ROANOKE TIMES

                         Roanoke Times
                 Copyright (c) 1995, Landmark Communications, Inc.

DATE: WEDNESDAY, March 6, 1991                   TAG: 9103061159
SECTION: NATIONAL/INTERNATIONAL                    PAGE: A-2   EDITION: EVENING 
SOURCE: Associated Press
DATELINE: NEW DELHI, INDIA                                LENGTH: Short


INDIAN LEADER RESIGNS

Prime Minister Chandra Shekhar resigned today after less than four months in office, accusing former Indian leader Rajiv Gandhi of sabotaging the minority government.

Shekhar made the surprise announcement in a speech to Parliament after opposition members bitterly criticized him for running a "puppet" government controlled by "puppeteer" Gandhi.

Gandhi, who heads the country's largest party, has made a series of ill-disguised power plays in recent weeks.
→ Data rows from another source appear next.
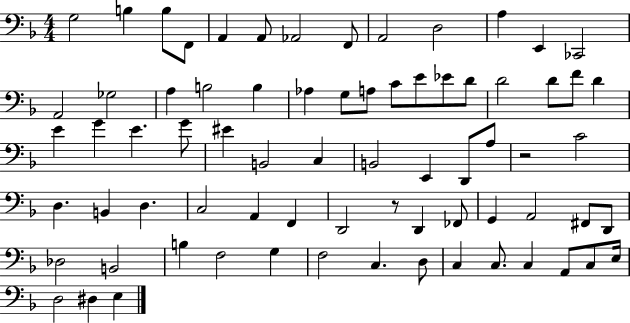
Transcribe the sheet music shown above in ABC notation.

X:1
T:Untitled
M:4/4
L:1/4
K:F
G,2 B, B,/2 F,,/2 A,, A,,/2 _A,,2 F,,/2 A,,2 D,2 A, E,, _C,,2 A,,2 _G,2 A, B,2 B, _A, G,/2 A,/2 C/2 E/2 _E/2 D/2 D2 D/2 F/2 D E G E G/2 ^E B,,2 C, B,,2 E,, D,,/2 A,/2 z2 C2 D, B,, D, C,2 A,, F,, D,,2 z/2 D,, _F,,/2 G,, A,,2 ^F,,/2 D,,/2 _D,2 B,,2 B, F,2 G, F,2 C, D,/2 C, C,/2 C, A,,/2 C,/2 E,/4 D,2 ^D, E,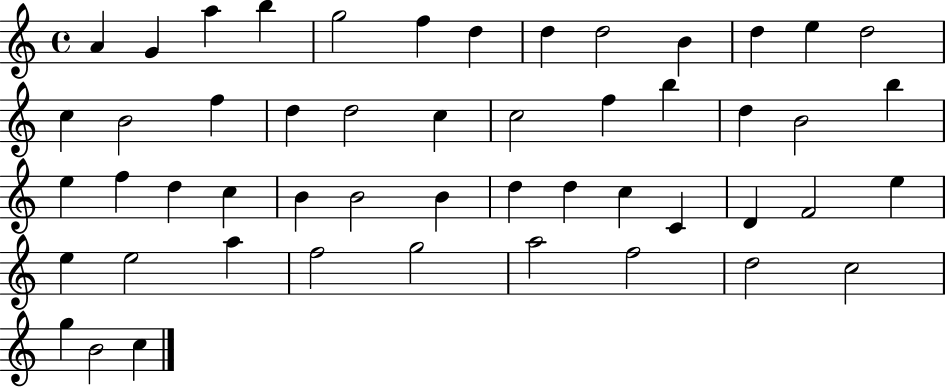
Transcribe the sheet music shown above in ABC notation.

X:1
T:Untitled
M:4/4
L:1/4
K:C
A G a b g2 f d d d2 B d e d2 c B2 f d d2 c c2 f b d B2 b e f d c B B2 B d d c C D F2 e e e2 a f2 g2 a2 f2 d2 c2 g B2 c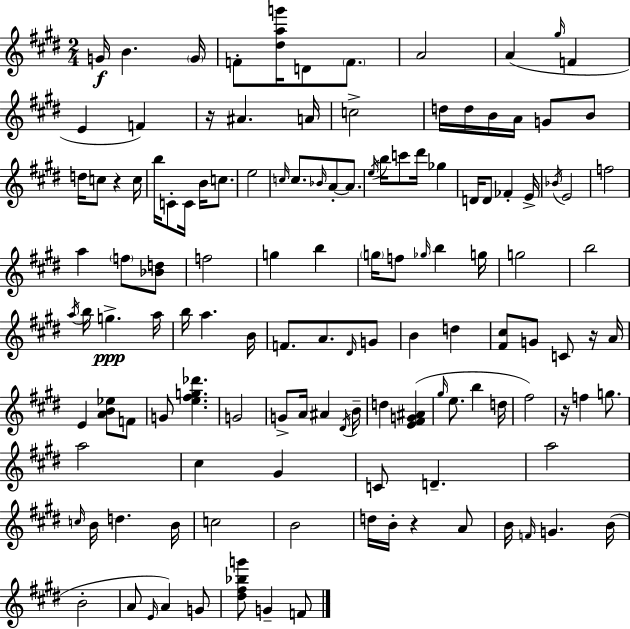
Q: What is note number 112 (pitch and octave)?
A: B4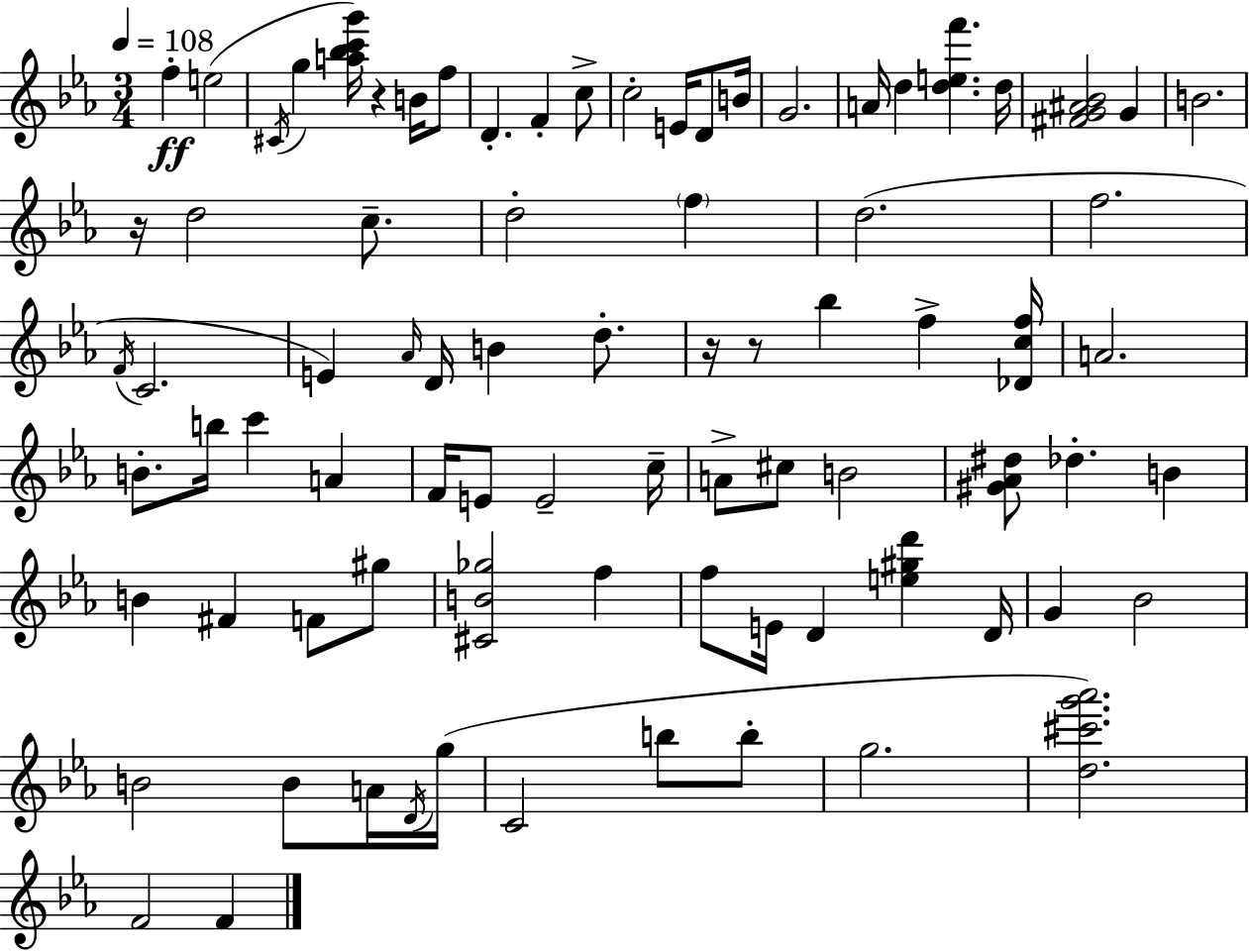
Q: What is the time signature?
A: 3/4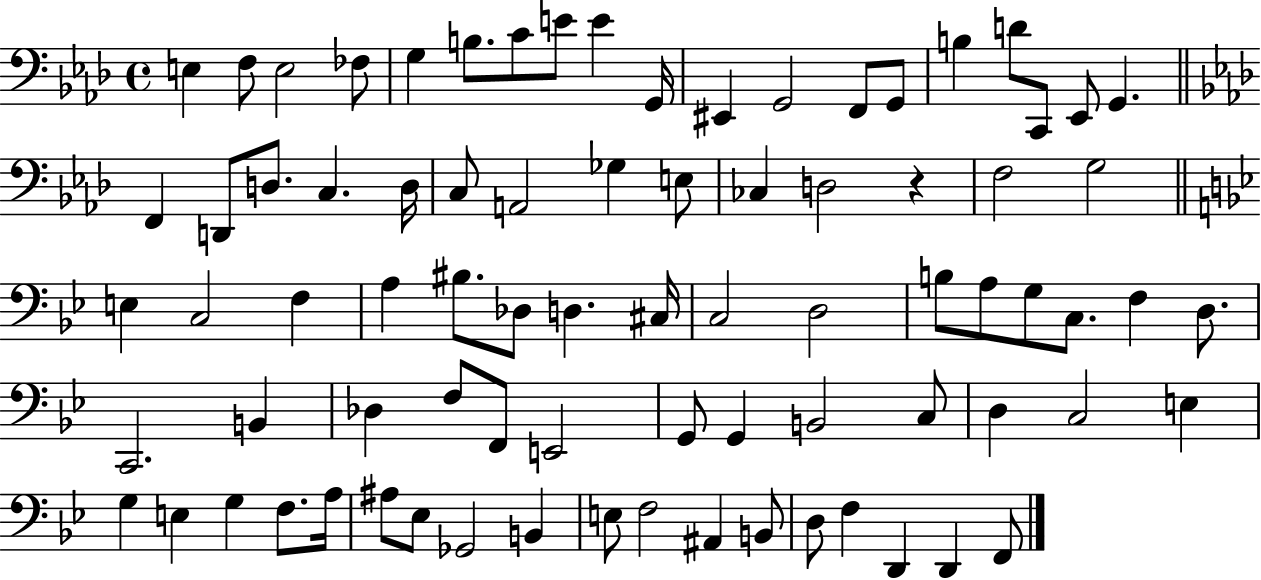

His Congress Party boycotted Parliament on Tuesday and today in a dispute over alleged police surveillance of his official residence on the outskirts of the capital.

Shekhar said he asked President Ramaswamy Venkataraman to arrange for new elections, instead of trying to patch together another minority government. "The president has assured me that he will make a decision within 24 hours," Shekhar told reporters outside the presidential palace.

Shekhar, 63, who took office Nov. 10, had needed Congress Party support to remain in power. Without it, his party was given no chance of passing any legislation.

"This house cannot continue as an honest legislature," Shekhar said as he announced his resignation, his voice cracking.

"I cannot run the government in keeping with their [the Congress Party's] behavior. Being betrayed is not bad, but to betray is bad."

Shekhar took over as prime minister after helping to engineer the downfall of V.P. Singh, the prime minister from the Janata Dal party who succeeded Gandhi in late 1989. Shekhar leads a socialist splinter faction of Janata Dal.